■ Saved entries
..............................

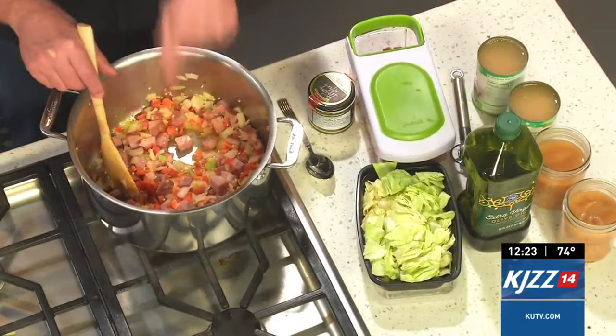Starting this off, soups are very simple — I think the simplest things in the world to make. I had leftovers I wanted to use in the soup that I didn't want to go to waste. So guess where the rest of my ham went? Right in there.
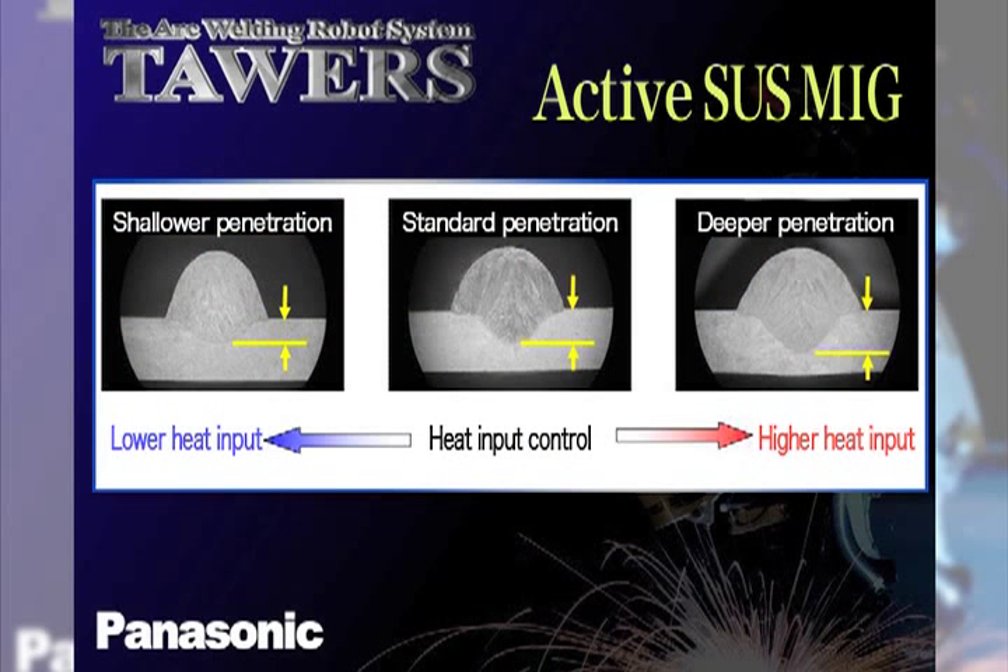The active wire feed process gives the user a very wide process window with which to configure the arc required for the welding process. In this case, the adjustment of the welding voltage adjusts the overall heat input to the weld, allowing a wider bead to be produced.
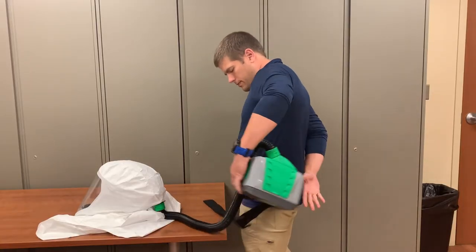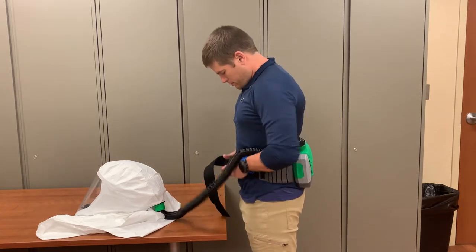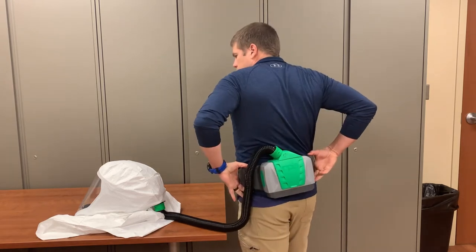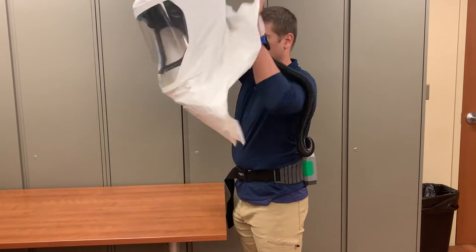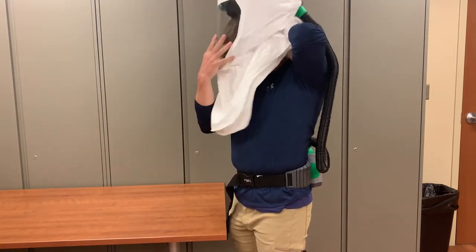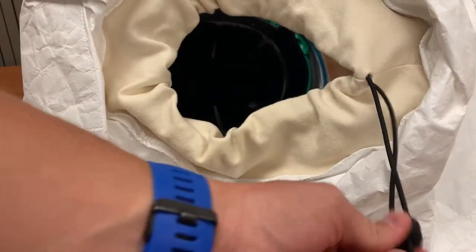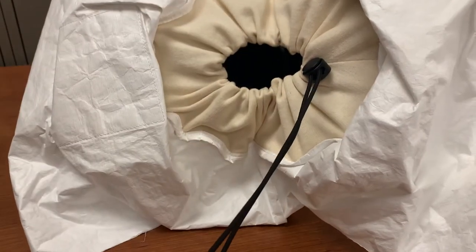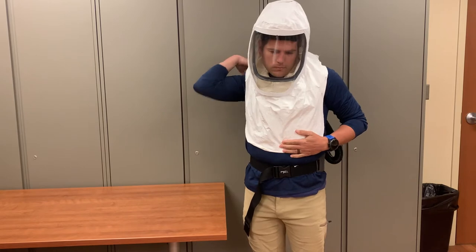To don the PAPR, clip the unit around your waist using the attached belt. The unit should sit comfortably on your lower back. Pull the hood over your head. Inside the hood, there is a cord that can be cinched tight to form around your neck for further protection and stability. Straighten out the apron and you have successfully donned your PAPR.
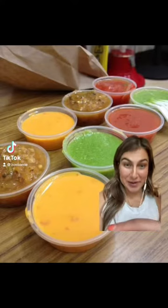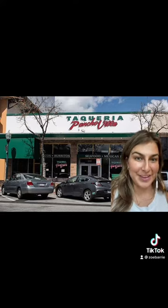Today I'm going to try and recreate one of my favorite salsas of all time — the orange volcano salsa. It's from one of my favorite taquerias in the San Francisco Bay Area, specifically in San Mateo, because the one in San Francisco is not as good. It's Taqueria Poncho Via, and I could literally bathe in that orange volcano salsa.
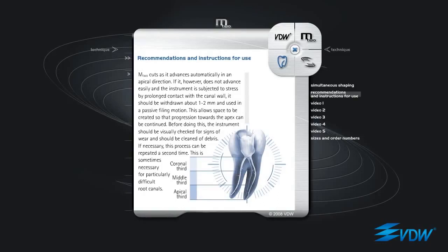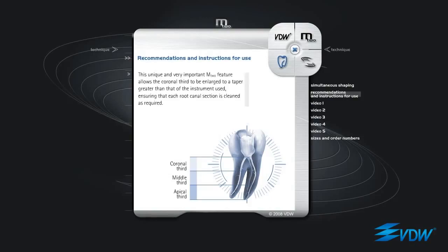If, however, the instrument does not advance easily and is subjected to stress by prolonged contact with the canal wall, it should be withdrawn about 1-2 mm and used in a passive filing motion. This allows space to be created so that progression towards the apex can be continued. Before doing this, the instrument should be visually checked for signs of wear and should be cleaned of debris. If necessary, this process can be repeated a second time. This is sometimes necessary for particularly difficult root canals. This unique and very important M2 feature allows the coronal third to be enlarged to a taper greater than that of the instrument used, ensuring that each root canal section is cleaned as required.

..............................

■ AIM OF THE TASK
Please reproduce each entry above word for word and keep the pictures out of the copy.

■ EXERCISE RESPONSE
Starting this off, soups are very simple — I think the simplest things in the world to make. I had leftovers I wanted to use in the soup that I didn't want to go to waste. So guess where the rest of my ham went? Right in there.
The active wire feed process gives the user a very wide process window with which to configure the arc required for the welding process. In this case, the adjustment of the welding voltage adjusts the overall heat input to the weld, allowing a wider bead to be produced.
To don the PAPR, clip the unit around your waist using the attached belt. The unit should sit comfortably on your lower back. Pull the hood over your head. Inside the hood, there is a cord that can be cinched tight to form around your neck for further protection and stability. Straighten out the apron and you have successfully donned your PAPR.
Today I'm going to try and recreate one of my favorite salsas of all time — the orange volcano salsa. It's from one of my favorite taquerias in the San Francisco Bay Area, specifically in San Mateo, because the one in San Francisco is not as good. It's Taqueria Poncho Via, and I could literally bathe in that orange volcano salsa.
If, however, the instrument does not advance easily and is subjected to stress by prolonged contact with the canal wall, it should be withdrawn about 1-2 mm and used in a passive filing motion. This allows space to be created so that progression towards the apex can be continued. Before doing this, the instrument should be visually checked for signs of wear and should be cleaned of debris. If necessary, this process can be repeated a second time. This is sometimes necessary for particularly difficult root canals. This unique and very important M2 feature allows the coronal third to be enlarged to a taper greater than that of the instrument used, ensuring that each root canal section is cleaned as required.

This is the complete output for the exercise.